Dataset excerpt —
= = =
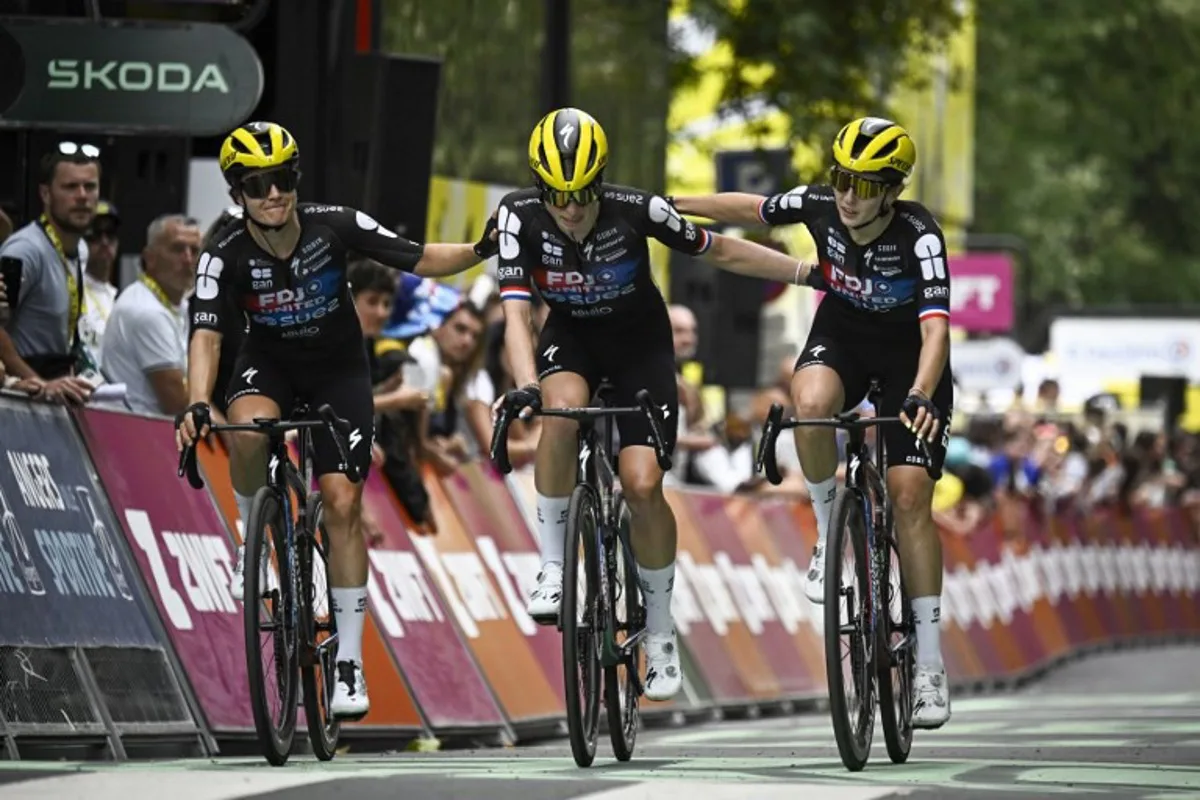 FDJ-SUEZ team's Dutch rider Demi Vollering (C) crosses the finish line as she is accompanied by her teammates FDJ-SUEZ team's Dutch rider Amber Kraak (L) and FDJ-SUEZ team's French rider Juliette Labous (R) after a fall during the 3rd stage (out of 9) of the fourth edition of the Women's Tour de France cycling race, 163.5 km from La Gacilly to Angers, in Angers, western France on July 28, 2025. The end of the stage 3 was marked by the heavy fall 3,700 meters from the finish line of the favorite of the event, the Dutchwoman Demi Vollering, who took time to get back up but was classified in the same time as the first competitors, the fall having occurred in the "sprint zone" of the last five kilometers. JULIEN DE ROSA / AFP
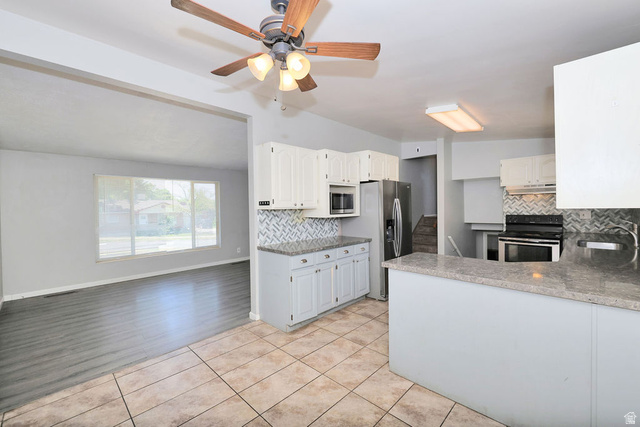 1272 Cook Street Ogden, UT 84404 - Photo 12 of 46 Kitchen featuring white cabinetry, grey countertops, stainless steel appliances, and a patterned tile backsplash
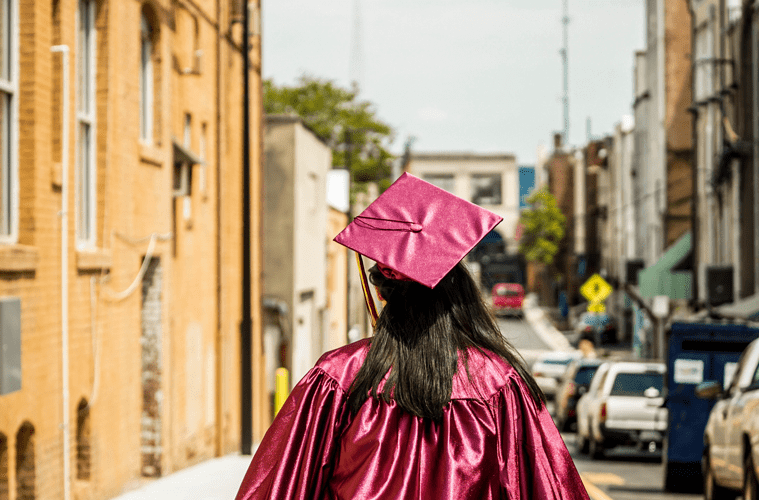 Female Graduate in Red Cap and Gown Walking Down Street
= = =
Exercise directions —
Transcribe all of the listing precisely. The images stay out of it.

Response to the exercise —
 FDJ-SUEZ team's Dutch rider Demi Vollering (C) crosses the finish line as she is accompanied by her teammates FDJ-SUEZ team's Dutch rider Amber Kraak (L) and FDJ-SUEZ team's French rider Juliette Labous (R) after a fall during the 3rd stage (out of 9) of the fourth edition of the Women's Tour de France cycling race, 163.5 km from La Gacilly to Angers, in Angers, western France on July 28, 2025. The end of the stage 3 was marked by the heavy fall 3,700 meters from the finish line of the favorite of the event, the Dutchwoman Demi Vollering, who took time to get back up but was classified in the same time as the first competitors, the fall having occurred in the "sprint zone" of the last five kilometers. JULIEN DE ROSA / AFP
 1272 Cook Street Ogden, UT 84404 - Photo 12 of 46 Kitchen featuring white cabinetry, grey countertops, stainless steel appliances, and a patterned tile backsplash
 Female Graduate in Red Cap and Gown Walking Down Street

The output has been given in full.